Dopo settimane di cucina tropicale, quella sera mi era venuta un’improvvisa voglia di cibo italiano. Chiedo in albergo, mi danno indicazioni sommarie. A quei tempi (1986) mica c’erano cellulari, Google Maps o guide interattive. Manco una carta della città avevo, per dire. Si andava ancora a spanne e il mondo era bello lo stesso, e forse pure di più.

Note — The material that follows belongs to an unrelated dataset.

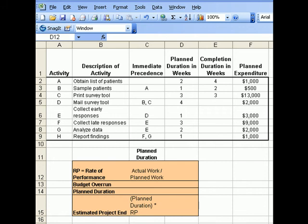Hello. This tutorial will show you how to go about and solve rapid analysis number one. For rapid analysis number one, we are asked to calculate the rate of performance and the budget overrun for the data that was given to us for the satisfaction survey project.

Con tutta l’incoscienza della mia età migliore mi avventuro per strade che sicure non erano affatto; a un certo punto spunta un’insegna tricolore, la luce fioca fioca. Ci siamo, mi dico. Entro, e a conferma mi accoglie dipinta sul muro un’approssimativa cartina d’Italia con tre sole città: Roma, ovvio; Rimini, chissà perché; e Bergamo. Non vi dico la mia curiosità.
Morale, ordino una pizza e mi arriva la focaccia di cui sopra. Nel mentre, chiedo al cameriere notizie del titolare, volevo capire se c’entrasse con la mia città. E infatti si trattava di un bergamasco di Seriate emigrato in Brasile da più di trent’anni. Accorse al mio tavolo pulendosi le mani nel grembiale; piccolino, pochi capelli, gli occhi spiritosi: non gli sembrava vero poter scambiare due parole in dialetto e chiedermi un milione di cose sulla terra comune.
La pizza non riesco a farla come si deve, mi disse, qui in Brasile mancano gli ingredienti. Allargò le braccia quasi a chiedere perdono. Ora, la pizza non sarà stata chissà che, ma in Amazzonia parlando in dialetto era come essere a casa. Il giorno dopo il cuoco bergamasco m’invitò di nuovo, quasi a scusarsi di quella pizza non proprio a bolla. E la seconda volta furono lasagne davvero speciali. «Sono stato al mercato tutta mattina a cercare gli ingredienti, te le ho fatte come mi ha insegnato la mia mamma». E a quel ricordo sorrise.